Fanny's pain comes through indirectly.  The next reference is a letter by Cowper to someone recommending a dissected puzzle.  WE learn about Lady Charlotte Finch (down and out from a brutal husband with 4 children who became a companion and governess at George 3's court).

All sorts of out to the way information;  like about the woman who was the modern big researcher and collector of puzzles, Linda Hannas.   Who invented them?  Apparently it was a later 17th century French novelist whose main subject is education:  Anne Louise Elie de Beaumont.  Austen might have read her; at any rate they were writing with similar conscious aims in mind.

Drabble is too complacent for my taste, too easy to read out of pictures distress and into them optimism (like when she tells the story of Mary Delaney), but after all that's understandable for this book is therapy too.  I feel the woman who has had a successful career out of thick skin and can understand why she has written books I could not get on with at all.

At one point she is hurrying by cab (though she disapproves of this mode of travel) to get from one museum to another for her exploration, and finding open access is a myth, and talking to  her cab driver (who miffed her at first by assuming she was tourist-- no she's a researcher).
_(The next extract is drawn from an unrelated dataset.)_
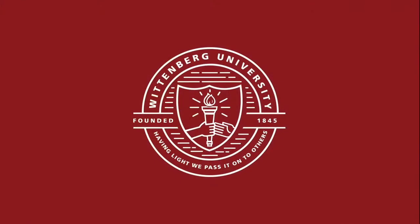We hope you enjoyed your tour and we welcome you to visit Wittenberg in person. As many students say when asked why they selected to enroll at Wittenberg — it just felt like home.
Then she becomes friends with the cabdriver and he takes her round London to visit jigsaw type sites. These include archeaology digs where we see pieces of the past brought together and reformulated -- and so we are into the modern geologizing topic of _Digging the Dirt_ as in Jennifer Wallace's great book.

Although it would seem that Henry James's short story, "The Figure in the Carpet" is centrally alluded to I have seen no sign of specific allusions and this is not a book where the author hides herself, no tricks here. The texts beyond 18th century ones, on the history of jigsaws, and childhood education and games she uses are Perec, and especially his Life: A User's Manual. This one (Jim tells me and he's read it) does use the metaphor of the jigsaw puzzle centrally.  Perec's hero is very rich and doesn't have to work; he thus needs something to do with his life and so he has beautiful watercolors made of ports, harbours, around the world. These are central for communciation in the past. Then he has these cut into vast jigsaws. Then he works to put them together. Finally he has the painting erased so he is back where he started. It is a despairing view of our own daily activities and how we kid ourselves about the usefulness of our days and overall larger meanings in history. The novel takes place in a tall apartment building and on each floor are different stories; you can rearrange the chapters as you might in your imagination rearrange the floors.  A jigsaw.  So jigsaw come maps of life.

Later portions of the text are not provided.